A pension plan is considered adequately funded if its assets are
sufficient to meet the present value of its liabilities. Conditions
in financial markets in the past few years have resulted in declines
in the assets of many pension plans. At the same time, declining
interest rates raised the present value of pension liabilities.
The investment policies of many pension funds were not adequate
to withstand the large stock market decline that started in 2000.

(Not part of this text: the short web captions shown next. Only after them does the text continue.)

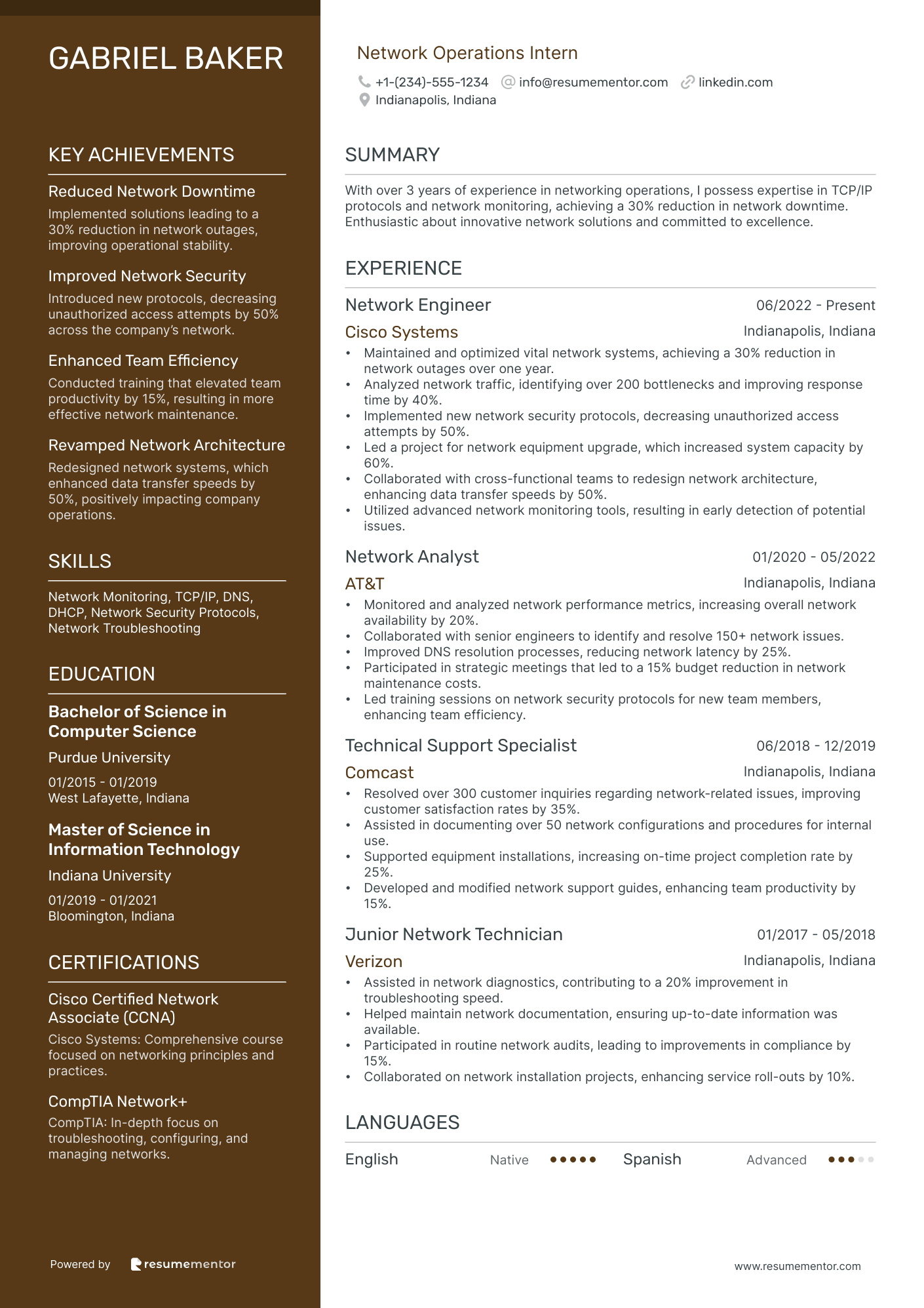Network Operations Intern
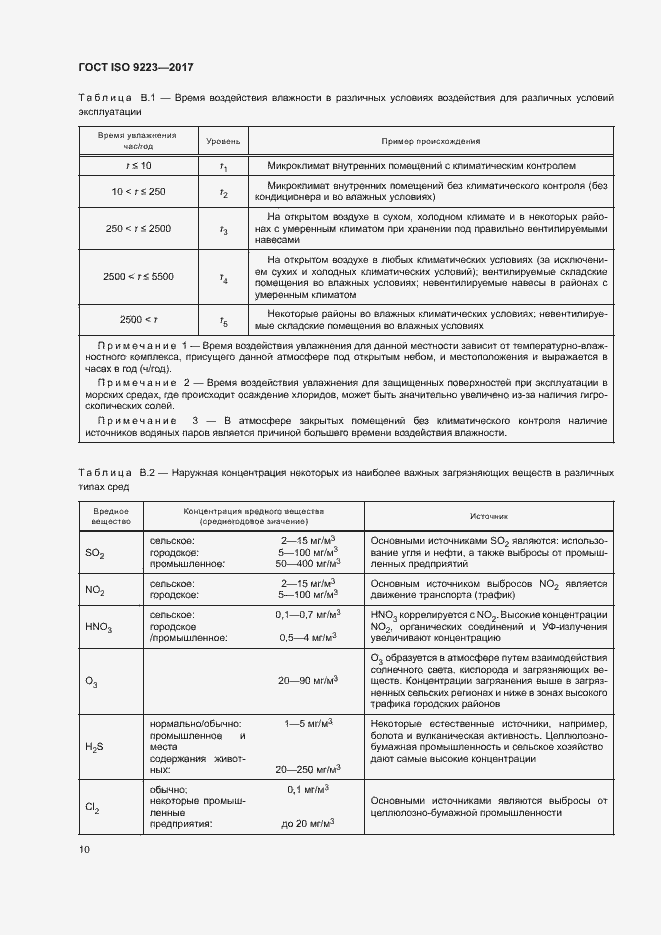 ���� ISO 9223-2017. �������� 15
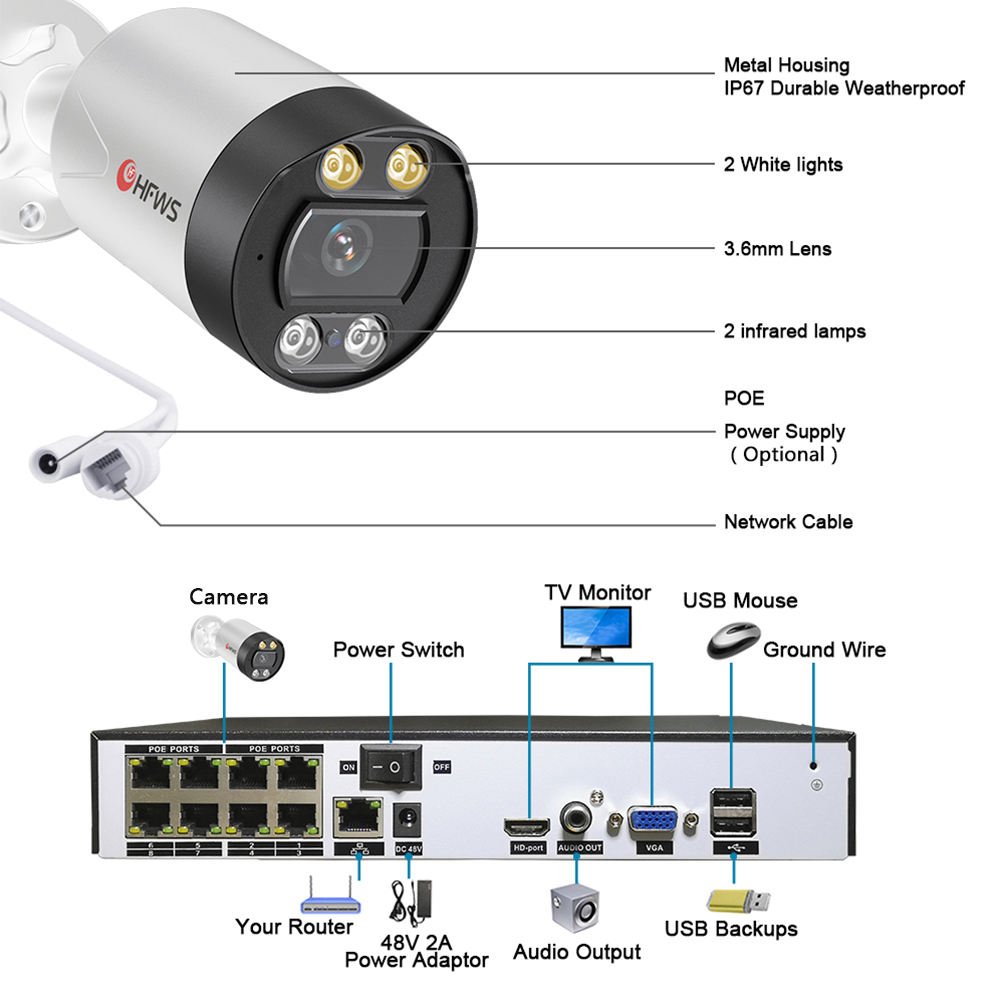 8CH NVR CCTV system 1080p 8MP 8-channel bullet head video surveillance IP camera CCTV system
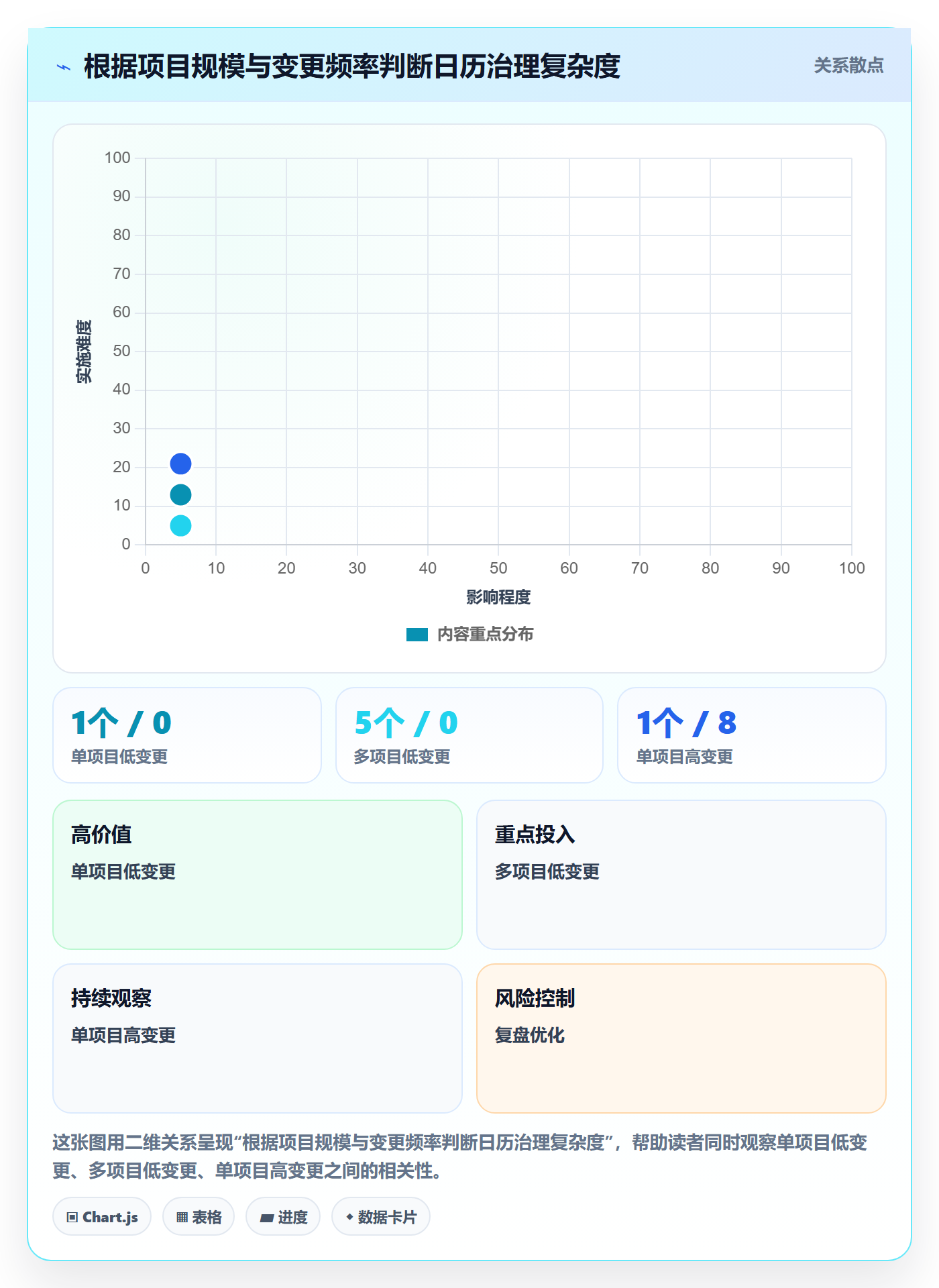 项目日历实操方法:实施团队提升日历视图效率的实操方法方法与模板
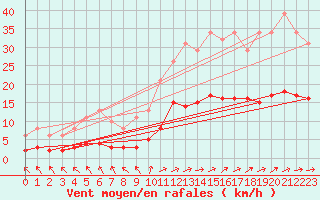 Courbe de la force du vent pour Nostang (56)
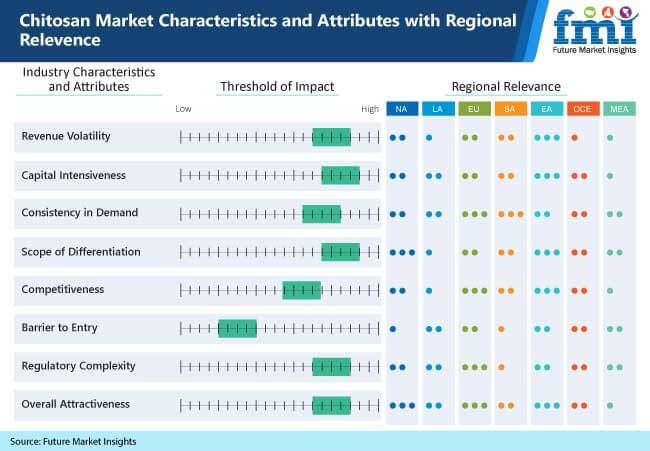 chitosan market characteristics and attributes with regional relevence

The present value of a plan’s liabilities depends on the
age structure of participants as well as the number of years a participant
is expected to collect benefits. Prior to 1995, pension plans could
make their own assumptions about mortality to determine the expected
duration of benefits. Although many firms relied on standard mortality
tables, other firms assumed that the life expectancy of their workers
and retirees was below average. Such an assumption lowered the calculated
present value of the liabilities of the plan, which could make it
appear to be fully funded.
Allowing firms to make their own mortality assumptions was a gigantic
regulatory loophole; I find it amazing that the loophole was not
closed until 1995. Firms are currently required to use mortality
tables prescribed by the Secretary of the Treasury. The calculation
of expected future pension liabilities is a very similar problem
to that faced by life insurance companies, which must also calculate
their expected future cash outflows based on the life expectancy
of policyholders and the terms of life-insurance contracts.
The future stream of expected pension outlays can be expressed
as a single present-value amount by discounting the stream by the
appropriate interest rate. The choice of the interest rate can make
a huge difference. Some countries require a fixed discount rate
be used, but the United States does not. Congress had mandated that
the 30-year Treasury bond rate be used. The government’s decision
in 2001 to no longer issue 30-year bonds eliminated the usefulness
of this measure. As a temporary substitute, firms have been allowed
to use a corporate bond yield.
Although there has been much controversy over the choice of interest
rate in recent years, the larger problem is that most pension plans
have not invested in assets of similar character to the liabilities.
The comparison with practice by life insurance companies is instructive.
Life insurance companies have concentrated their investments in
fixed dollar assets maturing on a similar schedule to the expected
future cash outlays as policyholders die. This practice of matching
the durations of assets and liabilities is a standard feature of
bank portfolio management as well as of life insurance companies.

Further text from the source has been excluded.